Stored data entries
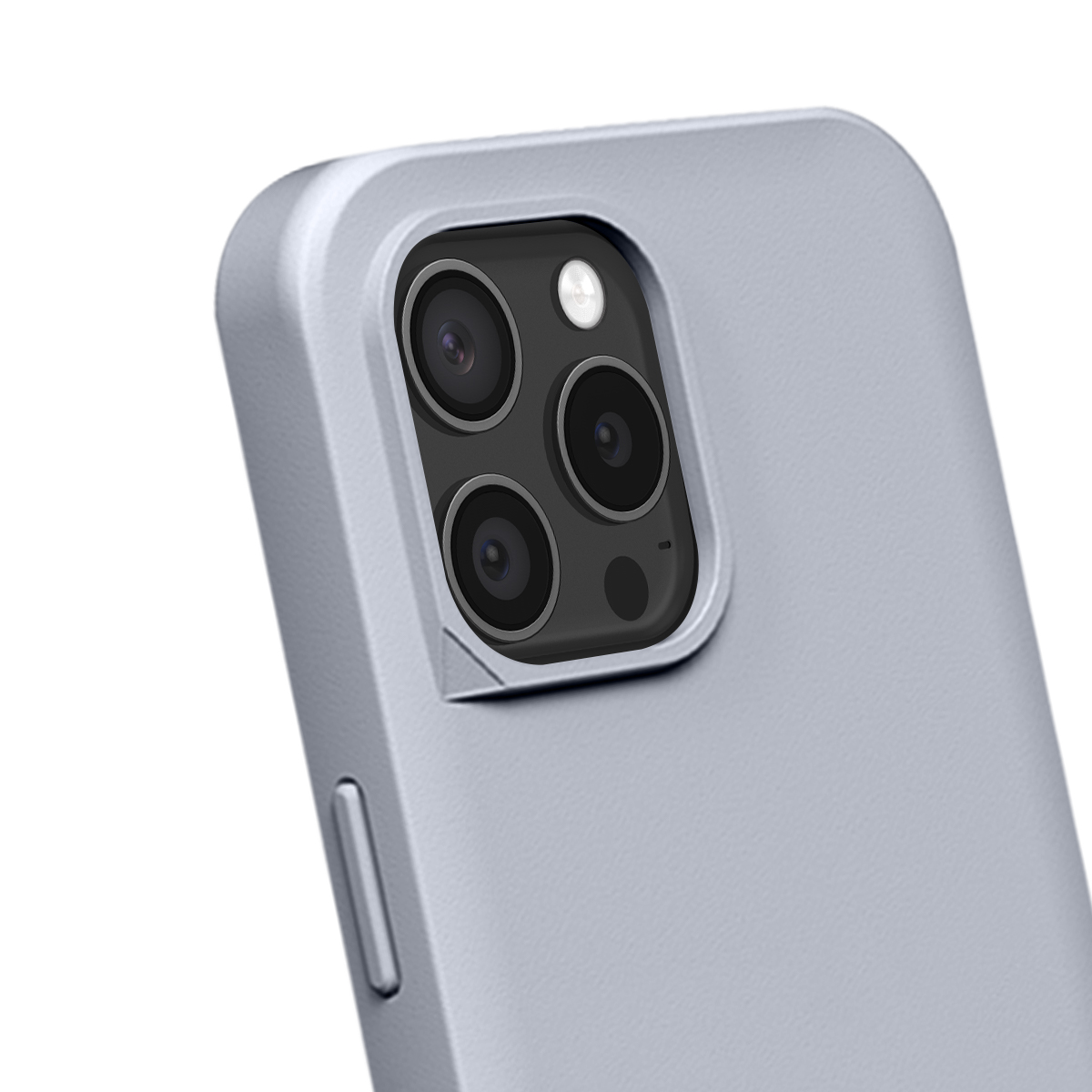 Arrière d'un smartphone gris clair avec triple appareil photo et flash.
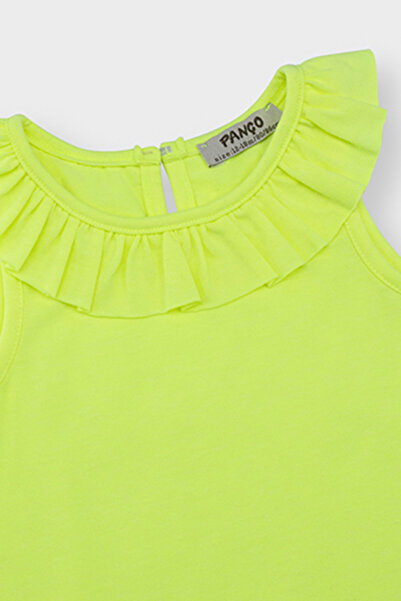 Panço Kız Bebek Yakası Fırfır Detaylı Sarı Atlet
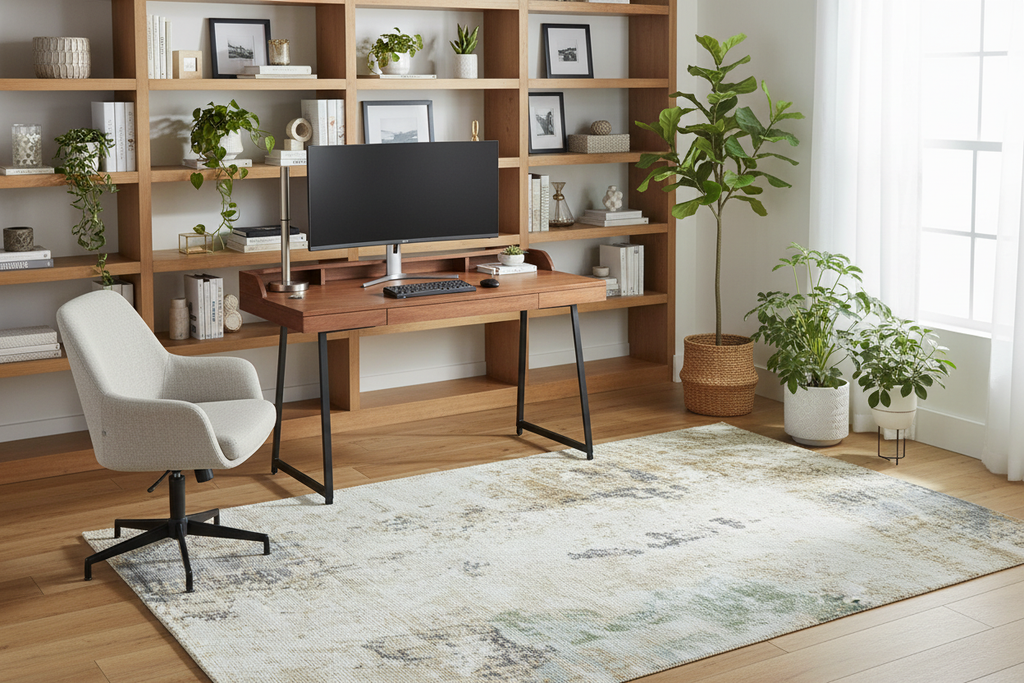 Luxurious Hand Knotted Area Rug 8' x 10' - Viscose Wool Linen Blend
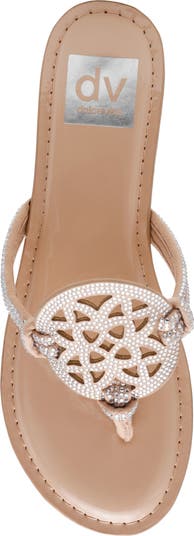 Gotie Rhinestone Strap Slide Sandal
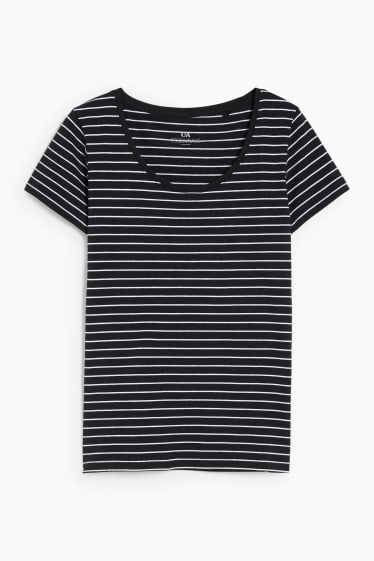 Dames - Basic T-shirt - gestreept - zwart / wit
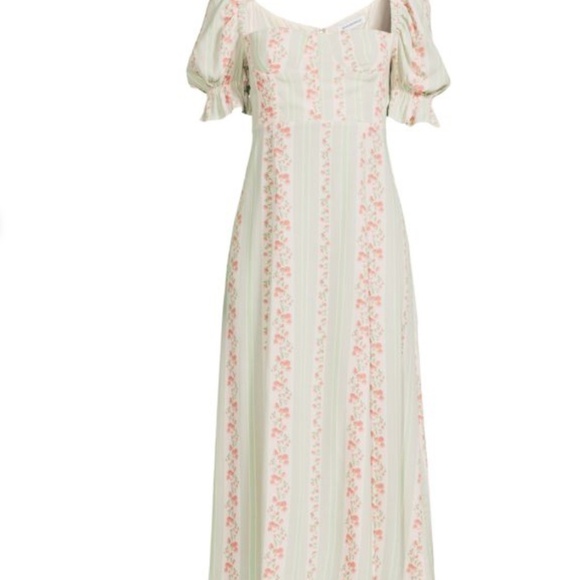 NWOT WEWOREWHAT Floral Midi Dress - SZ.4 - Victorian Floral Stripe - Picture 3 of 9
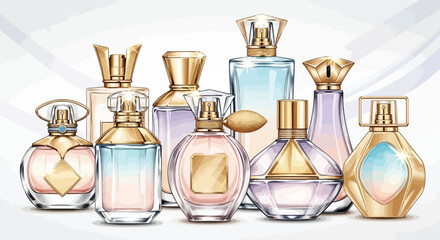 Luxury Perfume Bottle – Elegant Glass Beauty Spray with Golden Accents for Fragrance and Cosmetic Design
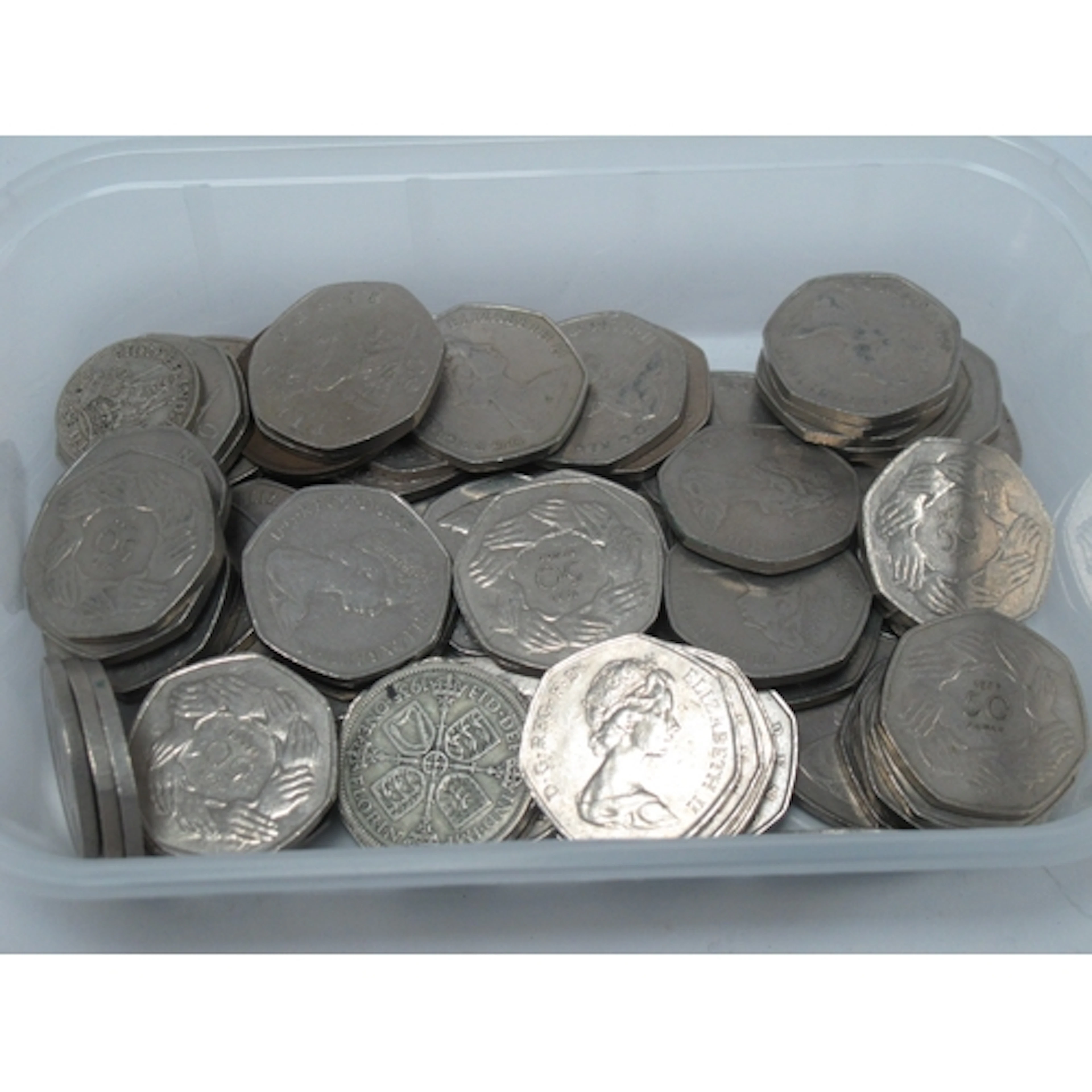 Large Collection Of GB Old Style 50p Coins, together with a ...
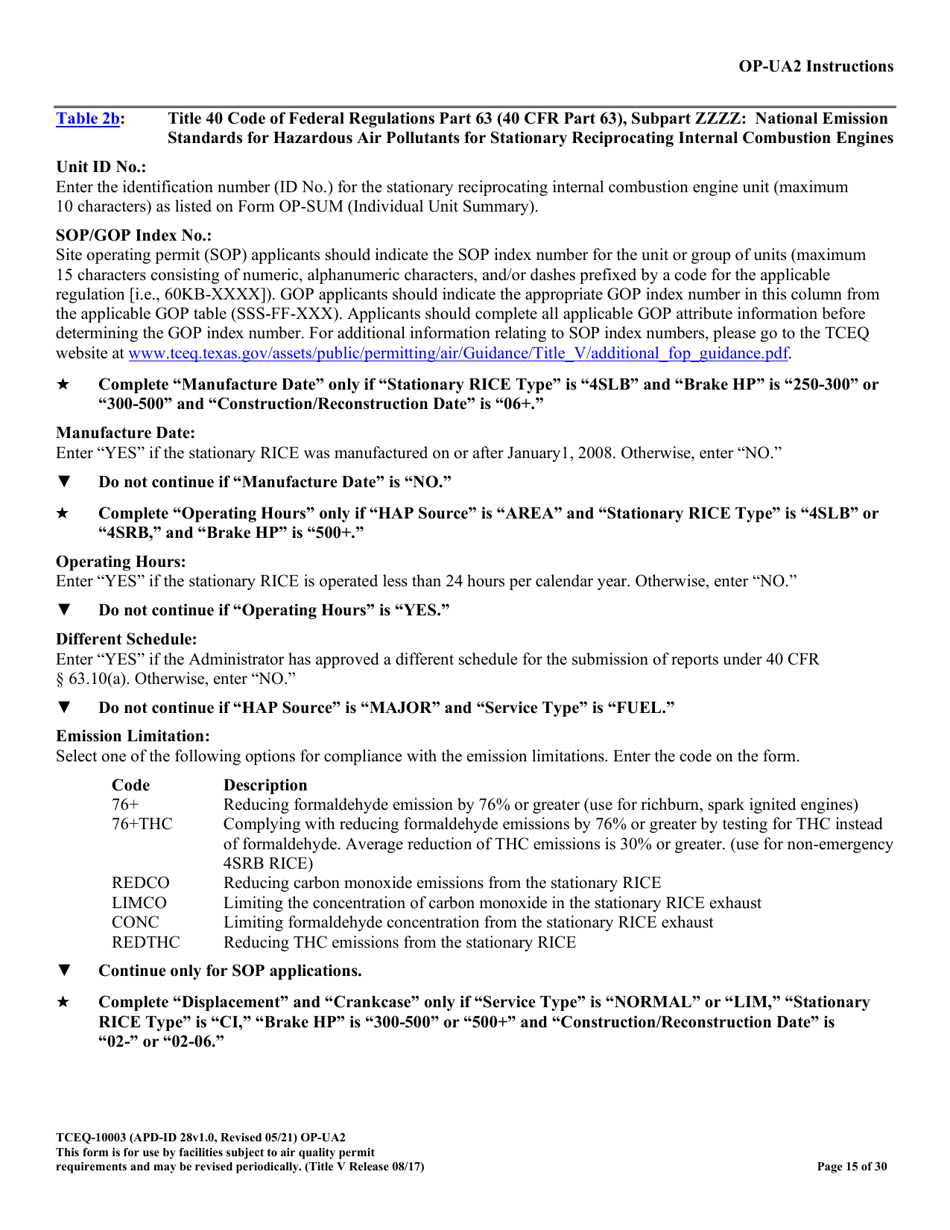 Form TCEQ-10003 (OP-UA2) Stationary Reciprocating Internal Combustion Engine Attributes - Texas, Page 15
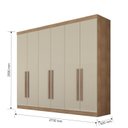 Ver imagem 3 de Guarda Roupa Casal 6 Portas 8 Gavetas com Puxadores em Madeira Verona Premium Conquista Móveis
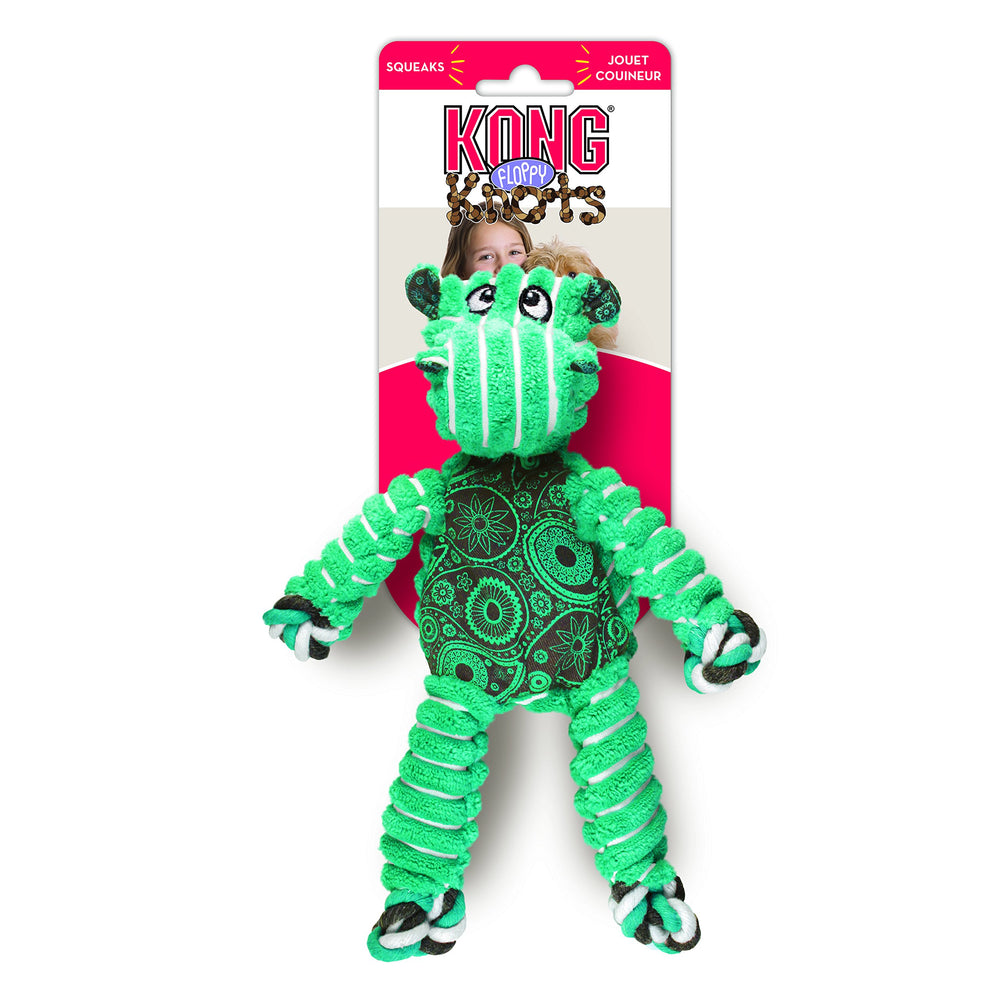 KONG hippo comparación de tamaño con mano humana, ideal para perros medianos y grandes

- [About this exercise]
Your answer must be an exact copy of the records, minus any pictures.

- [Exercise result]
 Arrière d'un smartphone gris clair avec triple appareil photo et flash.
 Panço Kız Bebek Yakası Fırfır Detaylı Sarı Atlet
 Luxurious Hand Knotted Area Rug 8' x 10' - Viscose Wool Linen Blend
 Gotie Rhinestone Strap Slide Sandal
 Dames - Basic T-shirt - gestreept - zwart / wit
 NWOT WEWOREWHAT Floral Midi Dress - SZ.4 - Victorian Floral Stripe - Picture 3 of 9
 Luxury Perfume Bottle – Elegant Glass Beauty Spray with Golden Accents for Fragrance and Cosmetic Design
 Large Collection Of GB Old Style 50p Coins, together with a ...
 Form TCEQ-10003 (OP-UA2) Stationary Reciprocating Internal Combustion Engine Attributes - Texas, Page 15
 Ver imagem 3 de Guarda Roupa Casal 6 Portas 8 Gavetas com Puxadores em Madeira Verona Premium Conquista Móveis
 KONG hippo comparación de tamaño con mano humana, ideal para perros medianos y grandes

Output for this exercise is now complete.